- Leader: Braedon Earley
- Founded: 2015
- Ideology: Green liberalism
- Political position: Centre
- Territory: Northern Territory

= Ban Fracking Fix Crime Protect Water =

Logo of the party under its old name

Ban Fracking Fix Crime Protect Water, formerly the 1 Territory Party, is a registered political party in Australia's Northern Territory. It was registered with the Northern Territory Electoral Commission on 18 November 2015.

The party's founder is Braedon Earley, a former president of the Country Liberal Party (CLP), and more recently a member of the Palmer United Party. Another former CLP president, Sue Fraser-Adams, is also a member. Earley announced his intention to establish a new party in June 2015, although its name was not announced until later. It described its ideology as "straight down the middle." The party required its members to undergo psychological and drug testing before being allowed to run, and adhere to a strict code of conduct.

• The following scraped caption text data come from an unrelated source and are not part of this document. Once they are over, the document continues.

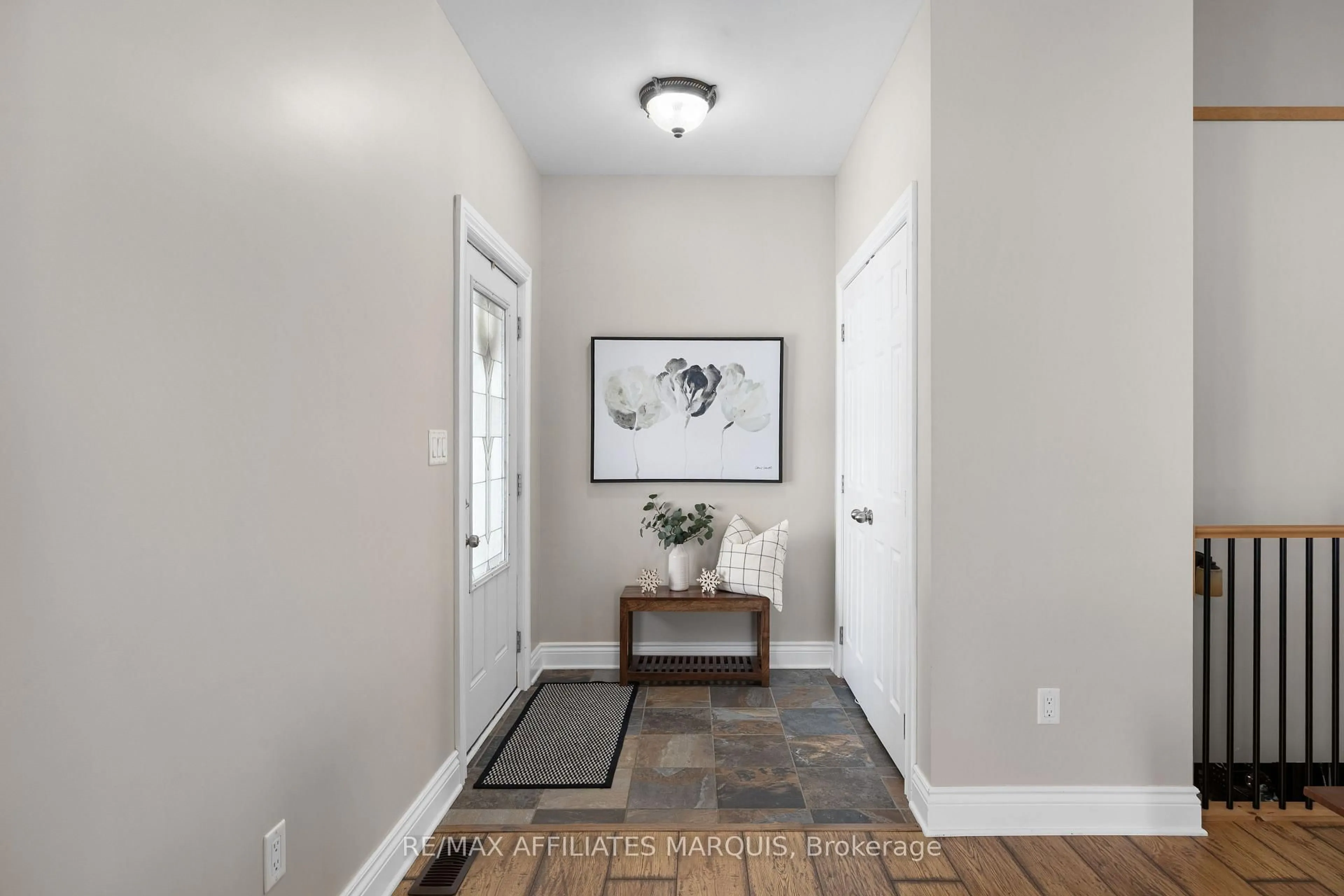 Indoor entryway for 315 Gemmell Rd, Merrickville-Wolford Ontario K0G 1G0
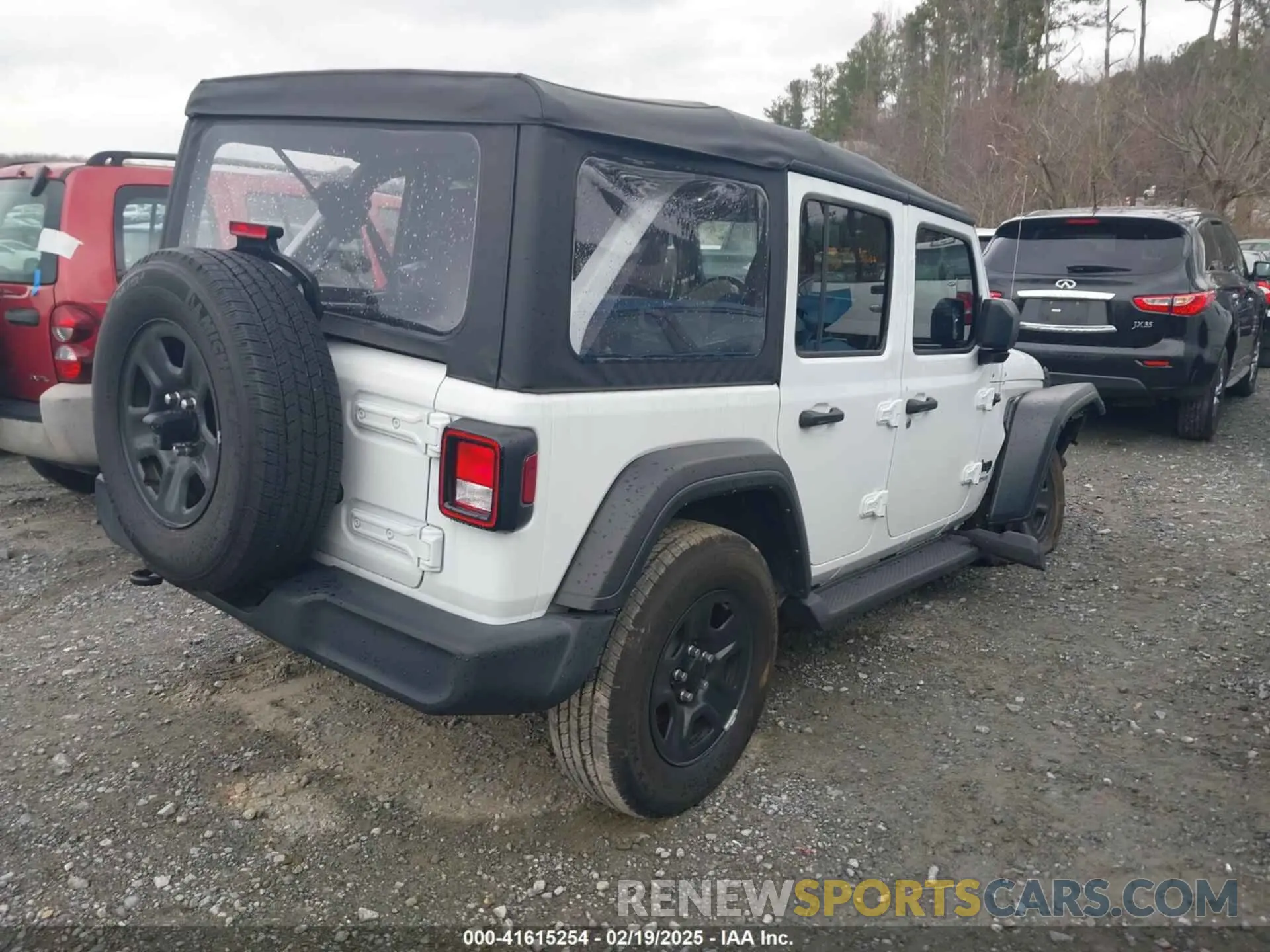 4 Photograph of a damaged car 1C4HJXDN1NW175134 JEEP WRANGLER UNLIMITED 2022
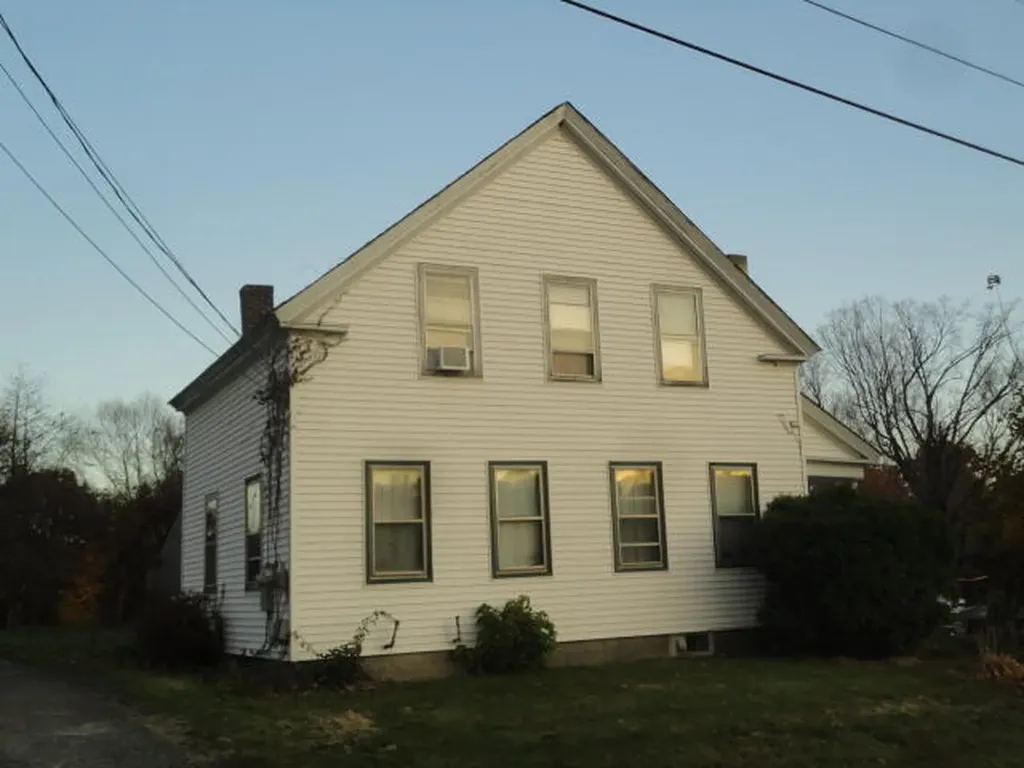 50 Royal Street Winthrop ME 04364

Earley said that anyone who turned into "a hubris idiot" would be expelled in short order.

The party's first announced policy was to implement a ban on hydraulic fracturing (fracking).

At the 2016 Northern Territory election, 1 Territory ran candidates in thirteen out of the 25 Legislative Assembly seats, with only the CLP and the Labor Party running more candidates. Prior to the election, it was suggested that 1 Territory would primarily attract disaffected CLP voters. The party won 3.6% of the vote, and no seats in the assembly.